Le constat est d’autant plus inquiétant concernant la gestion des affaires disciplinaires. Des signalements et condamnations pénales, même pour des faits d’une gravité extrême, n’auraient pas entraîné les suites appropriées ou auraient été traités avec des lenteurs inacceptables. L’absence de réaction ou la faiblesse des sanctions prononcées par l’Ordre de Paris posent de sérieuses questions sur la protection des patients et la crédibilité de l’institution. Comment des médecins condamnés ont-ils pu continuer d’exercer sans que l’Ordre n’intervienne ?

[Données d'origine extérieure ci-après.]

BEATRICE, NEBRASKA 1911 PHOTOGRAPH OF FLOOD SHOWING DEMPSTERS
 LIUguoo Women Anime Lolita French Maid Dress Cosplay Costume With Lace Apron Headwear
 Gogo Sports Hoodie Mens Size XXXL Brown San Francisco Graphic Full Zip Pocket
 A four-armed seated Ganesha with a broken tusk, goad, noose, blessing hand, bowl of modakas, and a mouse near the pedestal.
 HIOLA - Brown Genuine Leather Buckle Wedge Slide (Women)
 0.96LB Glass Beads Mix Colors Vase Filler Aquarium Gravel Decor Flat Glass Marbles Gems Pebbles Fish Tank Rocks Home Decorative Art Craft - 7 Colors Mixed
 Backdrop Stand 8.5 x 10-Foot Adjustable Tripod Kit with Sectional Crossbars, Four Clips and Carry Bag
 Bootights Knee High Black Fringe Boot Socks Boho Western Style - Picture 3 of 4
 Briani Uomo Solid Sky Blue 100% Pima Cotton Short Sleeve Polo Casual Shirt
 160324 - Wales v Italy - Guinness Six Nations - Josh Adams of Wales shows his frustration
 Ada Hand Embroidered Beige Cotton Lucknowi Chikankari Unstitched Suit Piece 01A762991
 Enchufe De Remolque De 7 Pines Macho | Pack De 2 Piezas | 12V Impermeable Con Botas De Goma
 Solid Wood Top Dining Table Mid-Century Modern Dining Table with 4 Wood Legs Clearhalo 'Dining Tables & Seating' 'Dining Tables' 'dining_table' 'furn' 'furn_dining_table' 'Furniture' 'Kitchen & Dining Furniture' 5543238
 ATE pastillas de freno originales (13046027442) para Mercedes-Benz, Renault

Face à ce désastre, un plan d’action est lancé par l’Inspection générale des affaires sociales pour tenter de corriger ces dysfonctionnements et « refonder durablement le cadre d’intervention des ordres ». Des mesures concrètes sont promises dès le mois de mai, mais l’ampleur des révélations laisse planer un doute sur la capacité de ces institutions à retrouver la confiance du public et des professionnels. Le président de l’Ordre national, Stéphane Oustric, a bien évoqué des audits internes, mais le mal semble déjà profond, menaçant la réputation de l’ensemble du corps médical.